Your question was a good excuse for looking at my slides from the early 60's. One thing that jumped out at me, as I perused the pix, was beware of generalizations. But here are a couple of observations.
Pipe color. Basically black, but with a lot of rust.
Train consists. My pix from the early 60's show a lot of boxcars....in some cases well over half the train. This was bagged drilling mud moving west to Aztec and Farmington, and lumber moving east from Durango. My guess is the mud cars were too dirty to load with lumber, and there was cross hauling of empties...but that's just a guess. I'm guessing that maybe in the 50's there was more pipe....or maybe my pix are not a random sample.
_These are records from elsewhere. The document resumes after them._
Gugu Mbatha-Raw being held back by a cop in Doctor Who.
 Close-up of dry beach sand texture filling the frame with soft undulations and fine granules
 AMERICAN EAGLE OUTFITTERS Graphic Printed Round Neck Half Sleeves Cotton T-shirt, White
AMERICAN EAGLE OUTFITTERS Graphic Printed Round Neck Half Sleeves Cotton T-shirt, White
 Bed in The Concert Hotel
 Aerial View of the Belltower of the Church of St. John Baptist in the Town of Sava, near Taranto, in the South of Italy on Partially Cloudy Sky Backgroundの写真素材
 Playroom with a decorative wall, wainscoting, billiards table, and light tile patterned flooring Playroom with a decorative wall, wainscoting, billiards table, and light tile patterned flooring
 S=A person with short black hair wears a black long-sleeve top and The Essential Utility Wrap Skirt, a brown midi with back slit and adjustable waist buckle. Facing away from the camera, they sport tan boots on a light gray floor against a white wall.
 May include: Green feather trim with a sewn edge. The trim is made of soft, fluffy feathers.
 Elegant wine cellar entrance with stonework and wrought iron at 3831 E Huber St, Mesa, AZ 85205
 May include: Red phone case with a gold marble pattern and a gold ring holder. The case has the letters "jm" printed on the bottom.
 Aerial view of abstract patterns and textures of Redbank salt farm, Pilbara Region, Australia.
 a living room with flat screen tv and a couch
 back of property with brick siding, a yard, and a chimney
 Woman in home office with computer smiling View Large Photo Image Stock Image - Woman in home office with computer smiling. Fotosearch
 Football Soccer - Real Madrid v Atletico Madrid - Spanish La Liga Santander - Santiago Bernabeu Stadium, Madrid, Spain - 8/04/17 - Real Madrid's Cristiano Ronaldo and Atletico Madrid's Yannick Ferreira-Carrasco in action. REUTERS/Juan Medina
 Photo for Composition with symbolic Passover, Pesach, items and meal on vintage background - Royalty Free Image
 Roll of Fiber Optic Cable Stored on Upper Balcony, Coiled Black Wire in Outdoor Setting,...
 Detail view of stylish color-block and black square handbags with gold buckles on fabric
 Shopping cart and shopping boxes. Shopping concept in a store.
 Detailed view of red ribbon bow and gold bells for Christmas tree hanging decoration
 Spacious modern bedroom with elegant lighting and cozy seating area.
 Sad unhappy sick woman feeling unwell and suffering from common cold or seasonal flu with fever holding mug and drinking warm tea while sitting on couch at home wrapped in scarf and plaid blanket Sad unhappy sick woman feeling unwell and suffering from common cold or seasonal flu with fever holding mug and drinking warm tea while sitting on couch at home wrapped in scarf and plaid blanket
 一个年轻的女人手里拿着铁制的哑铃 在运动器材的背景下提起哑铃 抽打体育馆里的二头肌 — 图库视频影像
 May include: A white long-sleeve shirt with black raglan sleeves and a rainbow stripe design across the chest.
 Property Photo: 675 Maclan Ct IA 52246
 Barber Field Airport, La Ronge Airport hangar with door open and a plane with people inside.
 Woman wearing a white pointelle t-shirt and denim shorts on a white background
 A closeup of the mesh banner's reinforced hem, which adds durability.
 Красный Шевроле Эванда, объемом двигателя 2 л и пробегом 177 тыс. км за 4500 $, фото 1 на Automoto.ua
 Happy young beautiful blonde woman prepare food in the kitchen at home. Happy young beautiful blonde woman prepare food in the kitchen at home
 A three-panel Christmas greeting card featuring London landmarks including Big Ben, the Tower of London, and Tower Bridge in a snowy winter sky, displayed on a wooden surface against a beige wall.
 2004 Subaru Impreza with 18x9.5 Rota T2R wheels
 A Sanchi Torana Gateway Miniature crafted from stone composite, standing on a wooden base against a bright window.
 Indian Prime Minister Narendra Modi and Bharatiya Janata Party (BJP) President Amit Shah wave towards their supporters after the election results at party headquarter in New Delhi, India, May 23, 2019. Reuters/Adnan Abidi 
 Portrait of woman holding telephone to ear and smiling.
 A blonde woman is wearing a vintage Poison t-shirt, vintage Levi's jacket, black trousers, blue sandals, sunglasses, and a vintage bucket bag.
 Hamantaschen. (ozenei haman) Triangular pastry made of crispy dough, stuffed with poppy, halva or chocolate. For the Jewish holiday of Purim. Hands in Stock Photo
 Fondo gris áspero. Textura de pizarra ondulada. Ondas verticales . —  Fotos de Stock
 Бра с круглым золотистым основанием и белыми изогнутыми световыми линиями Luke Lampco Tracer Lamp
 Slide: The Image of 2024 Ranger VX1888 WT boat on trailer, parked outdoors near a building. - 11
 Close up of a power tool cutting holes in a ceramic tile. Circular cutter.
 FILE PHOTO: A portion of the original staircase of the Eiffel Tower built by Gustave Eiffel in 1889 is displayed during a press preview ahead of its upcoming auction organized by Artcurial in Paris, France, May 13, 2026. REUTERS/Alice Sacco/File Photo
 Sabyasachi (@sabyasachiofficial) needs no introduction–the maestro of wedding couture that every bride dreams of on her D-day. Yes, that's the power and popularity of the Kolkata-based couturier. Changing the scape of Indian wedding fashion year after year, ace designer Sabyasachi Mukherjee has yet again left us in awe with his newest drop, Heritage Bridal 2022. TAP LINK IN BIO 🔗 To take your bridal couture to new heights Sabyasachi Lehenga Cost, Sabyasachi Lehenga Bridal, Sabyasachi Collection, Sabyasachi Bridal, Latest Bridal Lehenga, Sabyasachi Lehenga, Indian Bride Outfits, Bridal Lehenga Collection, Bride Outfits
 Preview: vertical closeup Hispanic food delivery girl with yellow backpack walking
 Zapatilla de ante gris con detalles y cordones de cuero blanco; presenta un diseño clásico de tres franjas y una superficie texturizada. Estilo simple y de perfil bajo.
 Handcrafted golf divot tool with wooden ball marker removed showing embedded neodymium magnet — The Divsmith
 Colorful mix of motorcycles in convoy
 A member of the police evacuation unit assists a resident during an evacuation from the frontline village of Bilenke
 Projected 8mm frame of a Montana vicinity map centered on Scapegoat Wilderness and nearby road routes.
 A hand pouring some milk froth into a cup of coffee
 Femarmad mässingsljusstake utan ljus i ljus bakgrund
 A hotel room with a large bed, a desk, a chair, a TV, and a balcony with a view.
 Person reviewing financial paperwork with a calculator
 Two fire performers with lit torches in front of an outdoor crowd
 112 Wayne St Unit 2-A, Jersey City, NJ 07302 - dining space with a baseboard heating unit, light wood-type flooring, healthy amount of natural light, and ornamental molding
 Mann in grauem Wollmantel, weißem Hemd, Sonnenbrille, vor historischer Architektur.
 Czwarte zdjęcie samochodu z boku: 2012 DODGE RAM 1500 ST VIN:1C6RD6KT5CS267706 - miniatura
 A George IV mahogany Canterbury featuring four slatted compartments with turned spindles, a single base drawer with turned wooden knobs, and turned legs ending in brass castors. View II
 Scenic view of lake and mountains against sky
A lot of the pipe in my pix fits individual cars (no idlers). And where idlers were needed, the empties appear moving east with the idlers still mixed between the gons. By the time the Cumbres turns got switched together at Cumbres to move east, the consists were a pretty mixed bag.
Long trains, typically 40 to 70 cars.
In addition to the occasional reefers and flats with farm machinery, there appears to be a fair amount of gons with coal, cinders, and whatever. I have pix of what looks like sand being transloaded at Alamosa. In the late 60's there was lumber moving east on flatcars from a mill near Juanita, but I don't recall any lumber on flats in the early 60's. And of course the Gramps tanks with from one to a dozen per train.
But it's a mixed bag, and there's probably a prototype for about anything if you look long enough. I have one picture of an RPO being used as a caboose when the regular caboose got BO'd in Chama.